Pues bien dado que los resultados estaban bastante agrupados, y para no organizar una innecesaria sopa de datos, daremos el resultado promedio de los tres: 9,94 l/100 km, para un tiempo de 4h 41m. Es decir, tres minutos más rápidos que el Mazda, pero a cambio de un incremento del 24% en consumo. Y no vayamos a decir que en aerodinámica estaban perjudicados los Altea, ya que su sección frontal es de 2,35 m2, o sea, el 90% de la del CX-5; incluso suponiendo que su Cx sea peor, tendría que ser de 0,37 para que su 90% correspondiese al 0,33 del Mazda, en cuyo caso estarían simplemente empatados. Y un 0,37, habida cuenta del frontal tan afilado del Altea, parece una cifra demasiado pesimista, por muy negativo que pueda ser el influjo de la zaga, que no será (más o menos cuadradas ambas) mucho peor que la del CX-5. La otra única posible excusa es que los tres motores de los Seat eran turboalimentados; pero en el grupo VAG siempre han presumido de que estos motores son muy económicos, y en cualquier caso, la diferencia es abrumadora.

Pero si buscamos un motor atmosférico, tendríamos que irnos hasta el 2.9 del Porsche Cayman (265 CV), con una aerodinámica infinitamente mejor (S.Cx de 0,58), cambio mecánico PDK con 53,0 km/h en 7ª, exactamente el mismo peso que el CX-5 y, eso sí, unos neumáticos traseros de sección 265. Y el motor, si bien de inyección indirecta, lleva distribución VarioCam y una compresión de 11,5:1. Pues bien, con todo eso, el Cayman tardó 4h 40m, que no es mucho más rápido, y consumió 8,90 l/100 km. Está claro que hay que rendirse a la evidencia: este motor de Mazda pone en cuestión las técnicas de miniaturización sobrealimentada, tal y como ellos dicen.

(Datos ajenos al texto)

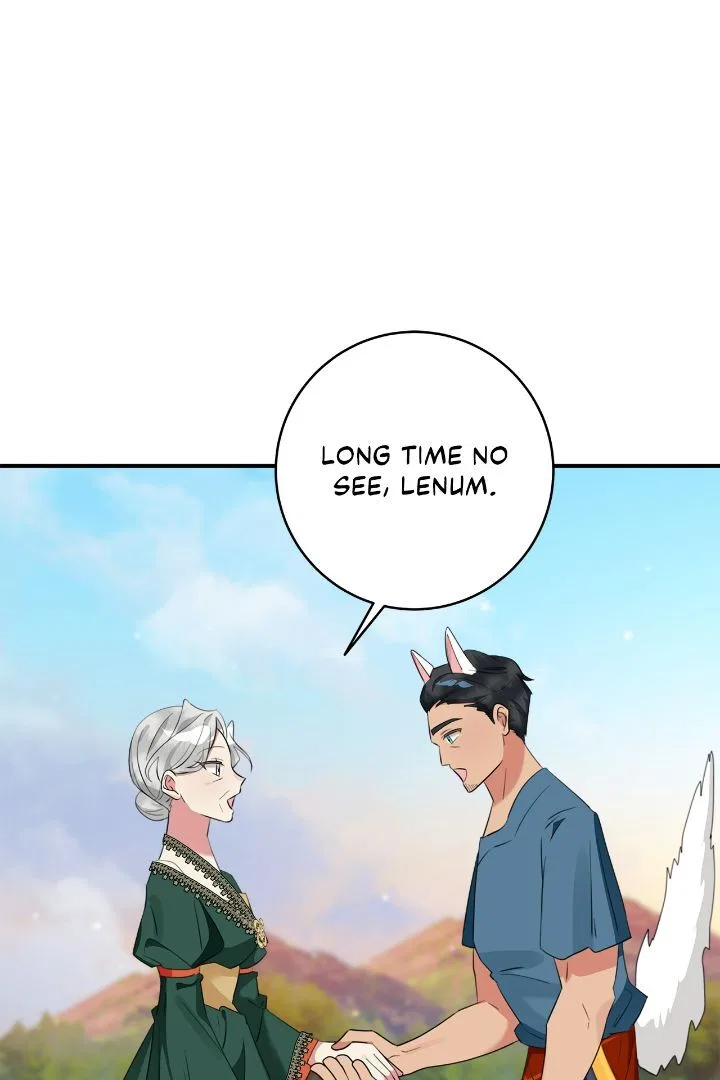 The Baby Hostage Is So Cute Chapter 67 – Page 34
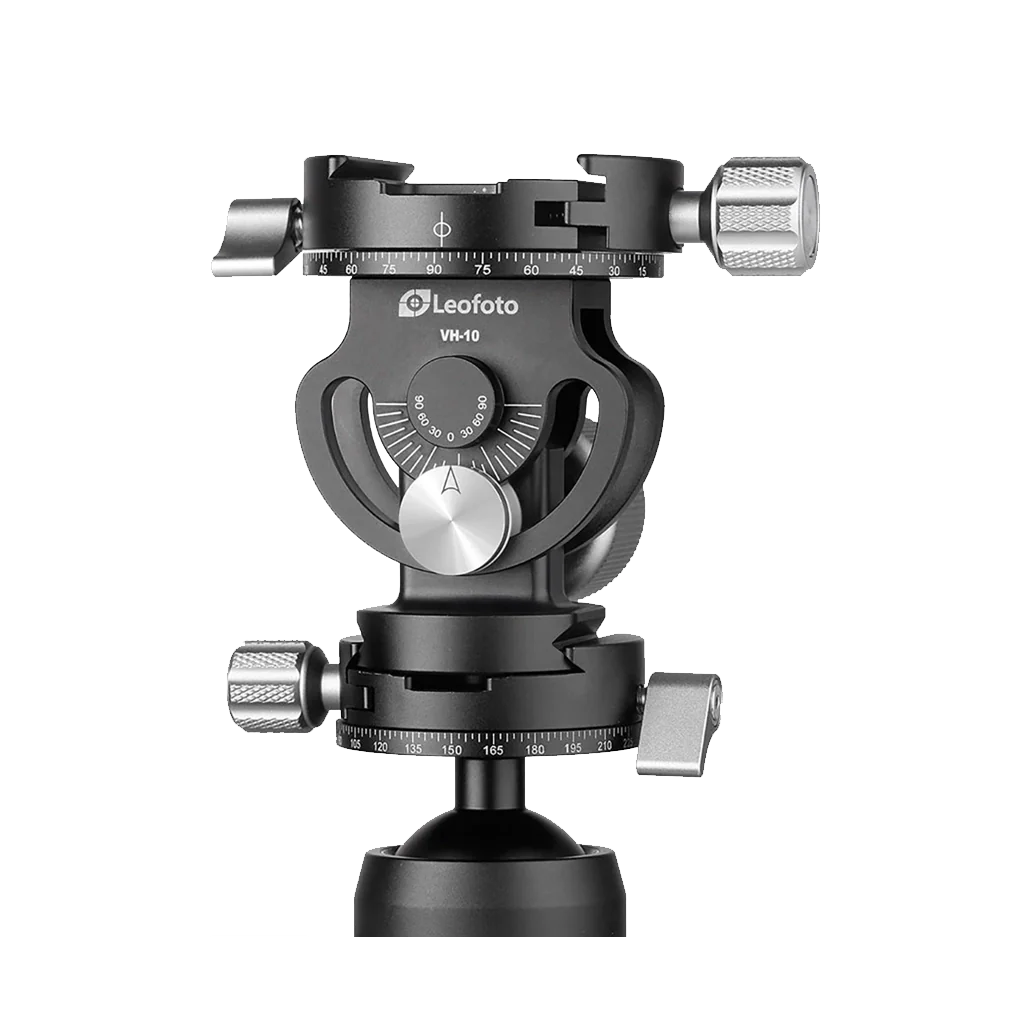 Leofoto VH-10 Monopod Head - Image 2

Por lo demás, el CX-5 funciona impecablemente: es cómodo, balancea muy poco, se conduce totalmente como un turismo, y su rápida dirección eléctrica no tiene más que 2,7 vueltas de tope a tope, para un diámetro de giro de 11,2 metros. Los frenos, ventilados de 297 mm delante y 303 mm macizos detrás, son ampliamente suficientes. Pero no es un turismo, y por ello mismo tenemos auténtica curiosidad por comprobar lo que dará de sí cuando se monte en el ya no muy lejano Mazda-6 de la siguiente generación, en el que hubiese brillado todavía mucho más que en el CX-5, de haber aguantado su lanzamiento para hacerlo coincidir con el de la berlina. Pero el segmento de los SUV está de moda, y tampoco es mala idea crear un auténtico revuelo con este SUV, en el que el motor de gasolina que hemos probado ofrece consumos muy comparables a los de un turbodiésel: un Ford S-Max de la primera generación, con el 2.0D de 140 CV, nos consumió a razón de 7,84 l/100 km. Y si tenemos curiosidad por lo del Mazda-6, pronto podremos saciar la de comprobar lo que ofrezca el 2.2 turbodiésel con las tecnologías ocultas bajo el manto de la denominación SkyActiv, que prometen ser, al menos, tan sorprendentes como las de la versión de gasolina. Dentro de no mucho tiempo tendremos la respuesta.